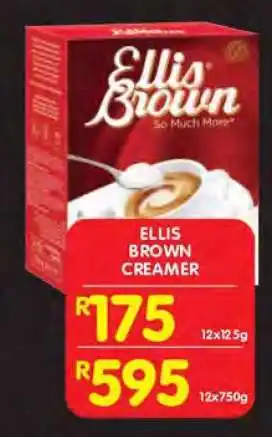 Shoprite Ellis Brown Creamer offer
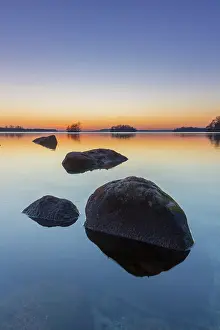 030722: Evening at the Great Ploener See - Schleswig-Holstein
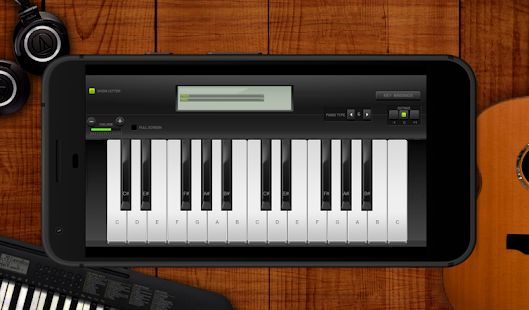 Скачать Виртуальное электрическое фортепиано [Полная] на Андроид - Версия 2.0.0 apk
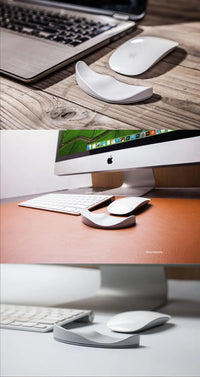 Ergonomic Silicon Gel Non-Slip Mouse Pad with Wrist Rest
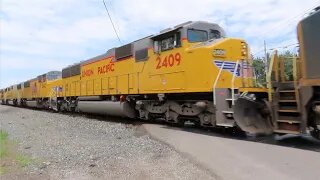 CSX Q332 Autorack/Manifest Mixed Freight Train from Lodi, Ohio June 4, 2021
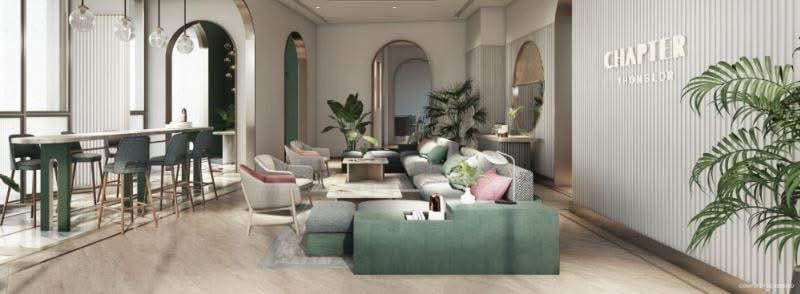 picture PFD-05448 Condo for Rent:  Chapter Thonglor 25  Schedule a viewing ■ Line: @propertyfinder - 14/15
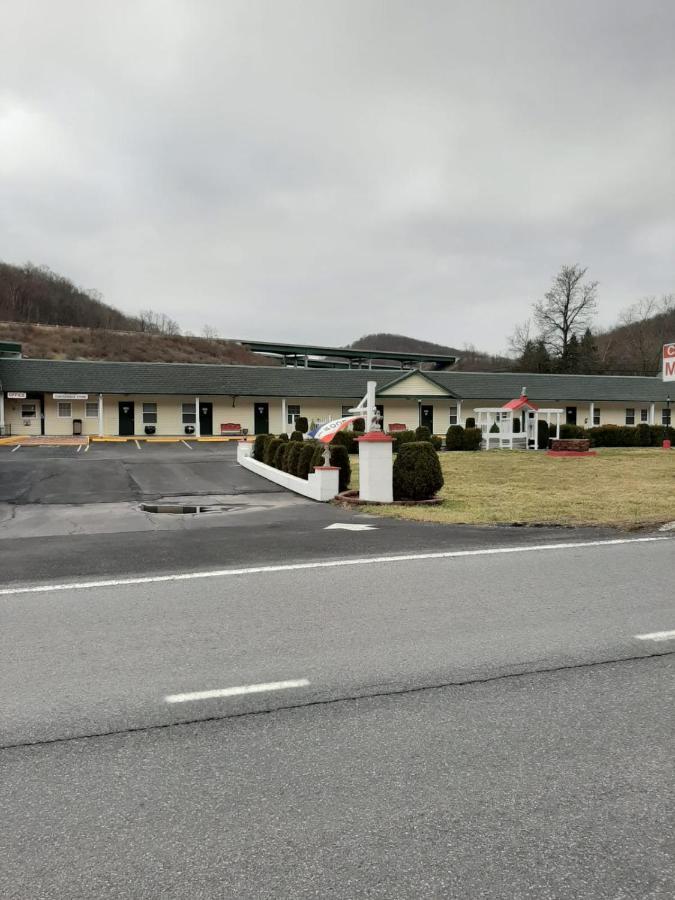 Clarysville Motel Frostburg Dış mekan fotoğraf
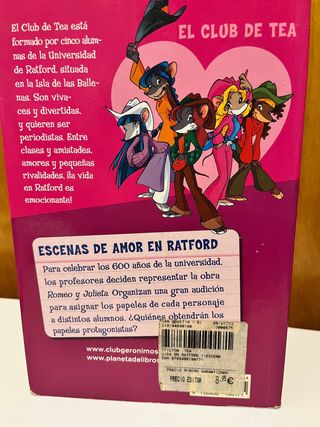 Libros Geronimo Stilton + Regalo libro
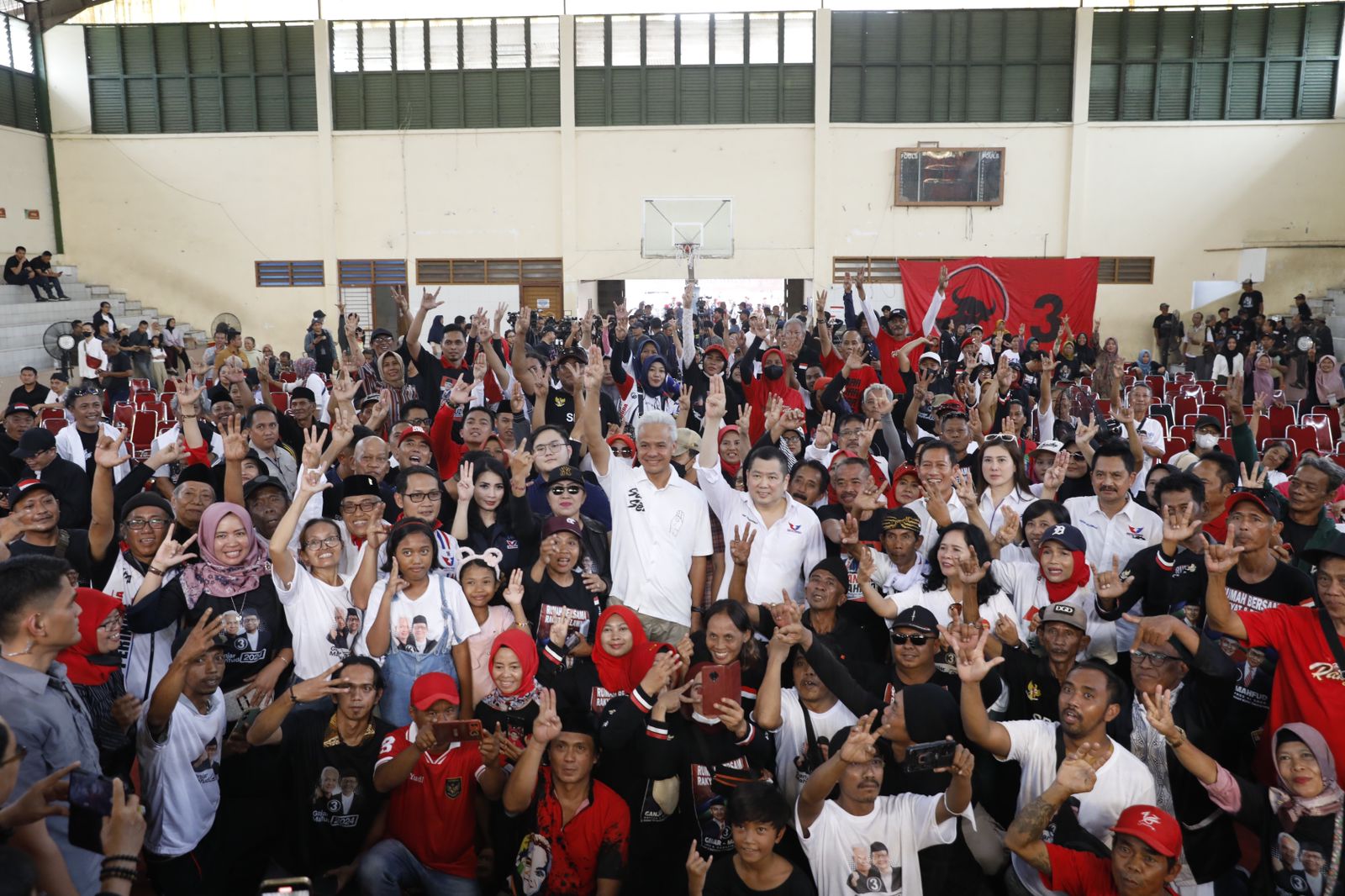 Asosiasi Pedagang Mie dan Bakso Dukung Ganjar-Mahfud di Pilpres 2024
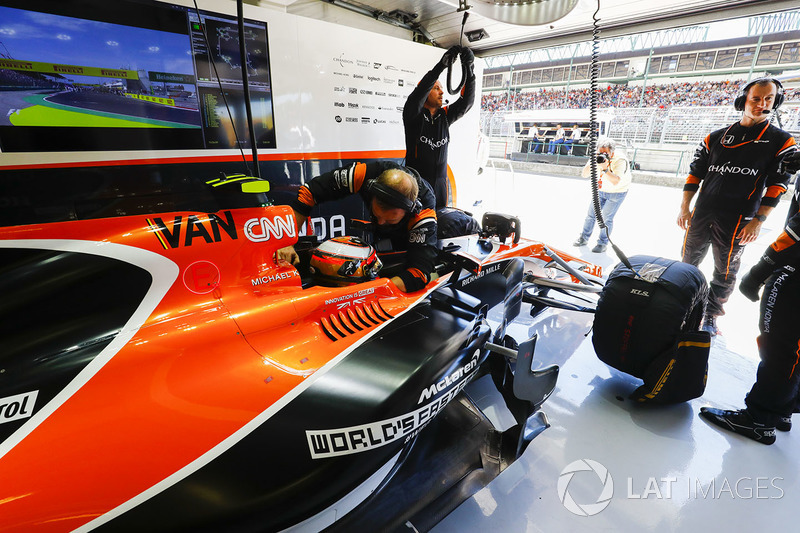 Stoffel Vandoorne, McLaren MCL32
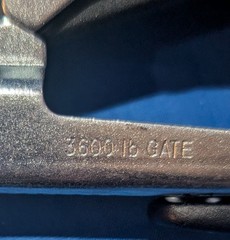 2 Pensafe 9695 3/4″ Snap Hook 3600LBS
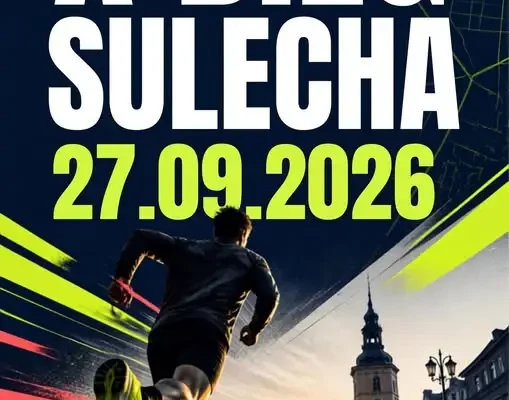 X Jubileuszowy Bieg Sulecha – zapisy tylko do 21 września!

● ● ● ● ●

WHAT YOU NEED TO DO — Your answer must be the full listing, reproduced word for word, without its pictures.

TASK RESULT —
 Shoprite Ellis Brown Creamer offer
 030722: Evening at the Great Ploener See - Schleswig-Holstein
 Скачать Виртуальное электрическое фортепиано [Полная] на Андроид - Версия 2.0.0 apk
 Ergonomic Silicon Gel Non-Slip Mouse Pad with Wrist Rest
 CSX Q332 Autorack/Manifest Mixed Freight Train from Lodi, Ohio June 4, 2021
 picture PFD-05448 Condo for Rent:  Chapter Thonglor 25  Schedule a viewing ■ Line: @propertyfinder - 14/15
 Clarysville Motel Frostburg Dış mekan fotoğraf
 Libros Geronimo Stilton + Regalo libro
 Asosiasi Pedagang Mie dan Bakso Dukung Ganjar-Mahfud di Pilpres 2024
 Stoffel Vandoorne, McLaren MCL32
 2 Pensafe 9695 3/4″ Snap Hook 3600LBS
 X Jubileuszowy Bieg Sulecha – zapisy tylko do 21 września!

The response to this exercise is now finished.